Can not use `cut -c` (`--characters`) with UTF-8?
You haven't said which cut
you're using, but since you've mentioned the GNU long option --characters
I'll assume it's that one. In that case, note this passage from info coreutils 'cut invocation'
:
‘-c character-list’ ‘--characters=character-list’
Select for printing only the characters in positions listed in character-list. The same as
-b
for now, but internationalization will change that.
(emphasis added)
For the moment, GNU cut
always works in terms of single-byte "characters", so the behaviour you see is expected.
Supporting both the -b
and -c
options is required by POSIX — they weren't added to GNU cut
because it had multi-byte support and they worked properly, but to avoid giving errors on POSIX-compliant input. The same -c
has been done in some other cut
implementations, although not FreeBSD's and OS X's at least.
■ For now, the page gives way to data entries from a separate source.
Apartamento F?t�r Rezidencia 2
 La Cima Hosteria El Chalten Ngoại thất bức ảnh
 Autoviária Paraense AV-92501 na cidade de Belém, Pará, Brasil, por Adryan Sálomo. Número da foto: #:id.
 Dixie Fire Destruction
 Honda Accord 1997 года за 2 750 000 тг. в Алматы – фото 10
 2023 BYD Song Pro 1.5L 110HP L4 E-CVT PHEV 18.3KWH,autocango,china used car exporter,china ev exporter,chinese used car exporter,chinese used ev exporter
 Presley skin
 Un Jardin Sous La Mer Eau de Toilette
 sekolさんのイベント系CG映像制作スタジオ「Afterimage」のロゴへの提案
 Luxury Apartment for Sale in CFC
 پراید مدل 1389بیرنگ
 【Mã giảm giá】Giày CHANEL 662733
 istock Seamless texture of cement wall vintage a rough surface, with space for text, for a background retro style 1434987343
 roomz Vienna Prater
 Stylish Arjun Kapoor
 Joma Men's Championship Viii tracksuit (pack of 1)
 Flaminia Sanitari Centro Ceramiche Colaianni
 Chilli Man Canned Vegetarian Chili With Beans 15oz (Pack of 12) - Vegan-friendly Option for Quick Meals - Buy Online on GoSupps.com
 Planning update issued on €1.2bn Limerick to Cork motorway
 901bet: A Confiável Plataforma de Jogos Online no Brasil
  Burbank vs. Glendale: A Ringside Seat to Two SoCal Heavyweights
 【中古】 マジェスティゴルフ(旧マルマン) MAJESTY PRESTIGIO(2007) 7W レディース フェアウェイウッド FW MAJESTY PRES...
This is the historic behaviour of -c
. -b
was newly added to take over the byte role so that -c
can work with multi-byte characters. Maybe in a few years it will work as desired consistently, although progress hasn't exactly been quick (it's been over a decade already). GNU cut
doesn't even implement the -n
option yet, even though it is orthogonal and intended to help the transition. There are potential compatibility problems with old scripts, which may be a concern, although I don't know definitively what the reason is.
colrm
(part of util-linux
, should be already installed on most distributions) seems to handle internationalization much better :
$ echo 'αβγ' | colrm 3
αβ
$ echo 'αβγ' | colrm 2
α
Beware of the numbering : colrm N
will remove columns from N
, printing characters up to N-1
.
(credits)
Since many grep
implementations are multibyte-aware, you can also use grep -o
to simulate some uses of cut -c
.
First two characters:
$ echo Τηεοδ29 | grep -o '^..'
Τη
Last two characters:
$ echo Τηεοδ29 | grep -o '...$'
δ29
Second character:
$ echo Τηεοδ29 | grep -o '^..' | grep -o '.$'
η
Adjust the number of periods, or use {x,y}
syntax, to simulate cut
ranges.